All'epoca del congresso di Vienna si definiva legittimo il potere delle dinastie che i trattati internazionali avevano riconosciuto in base alla tradizione e al diritto di eredità.
L'età della Restaurazione
Con il congresso di Vienna inizia la cosiddetta età della Restaurazione, periodo che si conclude con le rivoluzioni del 1848. Il termine "restaurazione", contrapposto a "rivoluzione", sta a indicare la volontà di un ritorno al passato, all'Antico regime.
Nella gran parte dei paesi europei in cui Napoleone aveva rovesciato i vecchi regimi fu restaurato l'assolutismo monarchico negando non solo i principi repubblicani che erano emersi nella rivoluzione francese, ma anche qualsiasi forma di limitazione costituzionale del potere sovrano. Queste decisioni delusero completamente le aspirazioni liberali e democratiche delle popolazioni e frustarono i sogni di indipendenza e autonomia delle nazionalità che nel periodo napoleonico si erano mobilitate.
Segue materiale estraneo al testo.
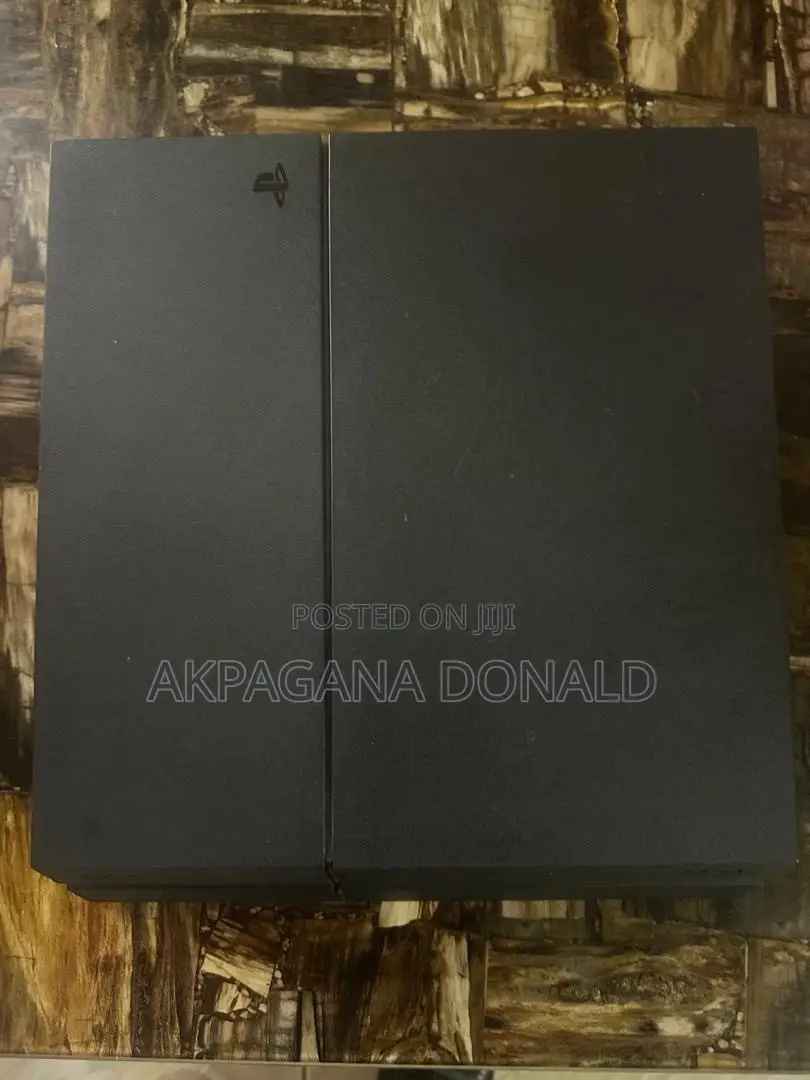 Ps4 Standard With Games and 1 Controller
Restaurazione in Francia e in Europa
Anche in Francia fu applicato il principio di legittimità e il trono fu restituito a Luigi XVIII, il fratello minore di Luigi XVI, ma non tornò l'assolutismo: il re concesse infatti una costituzione ispirata al modello inglese e mantenne in gran parte la legislazione civile e penale napoleonica. La Francia "restaurata" era dunque una monarchia costituzionale, sia pure con una costituzione concessa dal sovrano e non redatta dal popolo in un'Assemblea costituente. Si scelse tale soluzione perchè si ritenne impossibile e insensato pretendere di restaurare un governo assoluto proprio nel paese dove era scoppiata la rivoluzione. Il ritorno ad un ordine precedente la rivoluzione risultò incompleto anche in molte altre parti d'Europa occidentale, dove le innovazioni napoleoniche, come la riforma dei codici, non vennero cancellate.
Domande da interrogazione
- Quali erano i principi fondamentali che guidarono le decisioni del congresso di Vienna?
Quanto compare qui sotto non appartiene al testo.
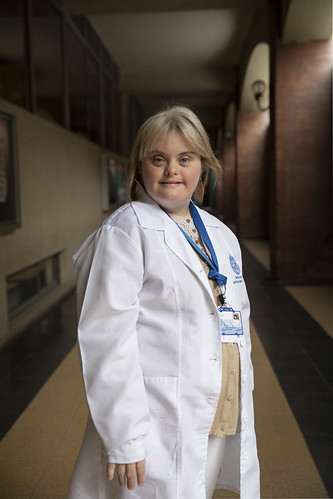 Natalia Holmes cumplió siete años en la Facultad de Ciencias Biológicas. Ella fue la primera funcionaria con Síndrome de Down contratada por la universidad, en el marco de la propuesta del Centro UC Síndrome de Down de 2015.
- Che cosa si intende per "età della Restaurazione"?
- Come fu restaurata la monarchia in Francia dopo il congresso di Vienna?
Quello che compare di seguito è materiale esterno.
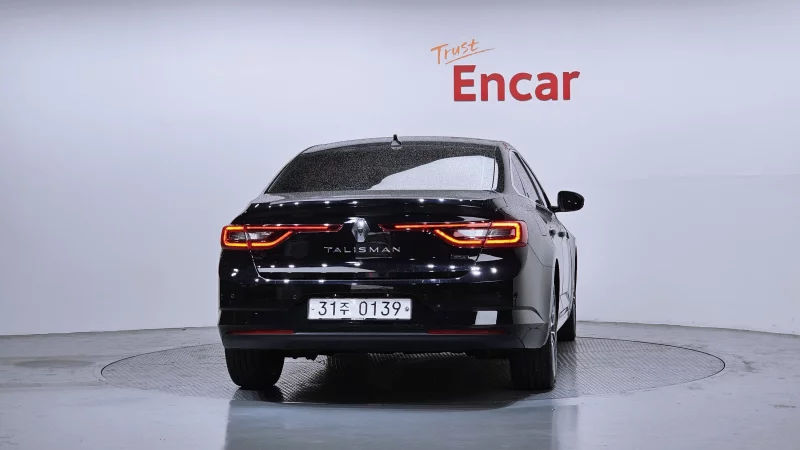 Renault SM6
- Quali furono le conseguenze della Restaurazione per le aspirazioni liberali e nazionali in Europa?
Le decisioni del congresso di Vienna si ispirarono al principio di equilibrio, per ridisegnare i confini senza rafforzare o indebolire eccessivamente alcuna potenza, e al principio di legittimità, che mirava a restituire la sovranità ai legittimi sovrani pre-napoleonici.
L'età della Restaurazione, che inizia con il congresso di Vienna e termina con le rivoluzioni del 1848, rappresenta un periodo di ritorno all'Antico regime, caratterizzato dal ripristino dell'assolutismo monarchico e dalla negazione dei principi repubblicani emersi durante la rivoluzione francese.
In Francia, il trono fu restituito a Luigi XVIII, che concesse una costituzione ispirata al modello inglese, creando una monarchia costituzionale, pur mantenendo gran parte della legislazione napoleonica.
Le decisioni della Restaurazione delusero le aspirazioni liberali e democratiche delle popolazioni, frustrando i sogni di indipendenza e autonomia delle nazionalità che si erano mobilitate durante il periodo napoleonico.